Missions for Jaffray was spiritual warfare which delivered people from their chains. Jaffray was a missionary Braveheart, similar to the Scottish warrior William Wallace. Only one generation removed from Scotland, Tozer noted, Jaffray “still had all his Highland courage and all his inherited love for hardships. Lust for action was strong upon him…It took disaster to wake the Scot in him and bring out his fighting spirit.”
When captured by ruthless bandits, Jaffray fearlessly shared the gospel with them. After the bandits demanded ransom money, he responded, “We are missionaries. You have no right to demand a toll from us. Come now, be reasonable. Give us an offering and let us go.” When the bandits set him free in hopes of a future ransom, he said to them, “Don’t forget that Christ loves you.”

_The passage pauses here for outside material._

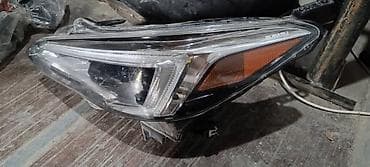 eagle eyes: Передняя левая фара Subaru Новый, Оригинал — 1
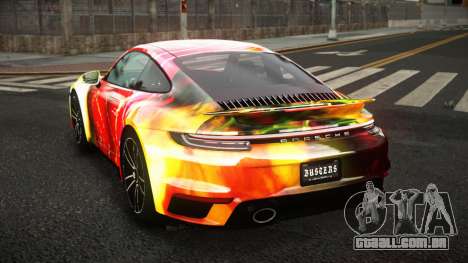 Porsche 911 Leran S3 para GTA 4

Being out on the Asian mission field for Jaffray and his workers involved praying for people to be healed and even delivered from evil spirits. Jaffray told a story how one of his workers, while praying for a demonized person, was almost strangled with chains. As he stood his ground, the person was set free, and the local area was now open to the gospel. Jaffray also told of an incident in Bali when during a plague where the witch doctor was unable to heal the people. The witchdoctor reluctantly gave permission for Jaffray’s worker to pray. Miraculously the sick were healed, and the epidemic was ended.
In 1938, with the Second World War approaching, Jaffrey, his wife Minnie, and adult daughter Margaret chose to return to Makassar, Indonesia after his sabbatical in Canada: “If I do not go back now, there is little likelihood I can ever go back at all. I must return to the Far East. I want to die out there where my life has been.” Eighty Alliance missionaries and forty-five of their children were imprisoned. Once back in Indonesia, he refused to leave “while one missionary is in the field.” Sadly, on July 29, 1945, Jaffray the unstoppable missionary publisher was captured and later died of starvation in a Japanese internment camp. Even in his dying, Jaffray never gave up on his passion to set his people free in Asia.
We thank God for his daughter Yu Zizhen/Margaret who picked up the missionary torch, preaching the gospel in Asia. In his memory, the Canadian C&MA since 2016 has sponsored The Jaffray Project which so far has raised over a million dollars to send international workers to least-reached people groups. Thanks to Jaffray’s pioneering leadership, the Christian & Missionary Alliance in Vietnam today has more than one million members, over 550 ordained pastors, and over 2500 churches.
What would it take for each of us to be a little more like Dr. Robert Jaffray in his missionary passion for the lost?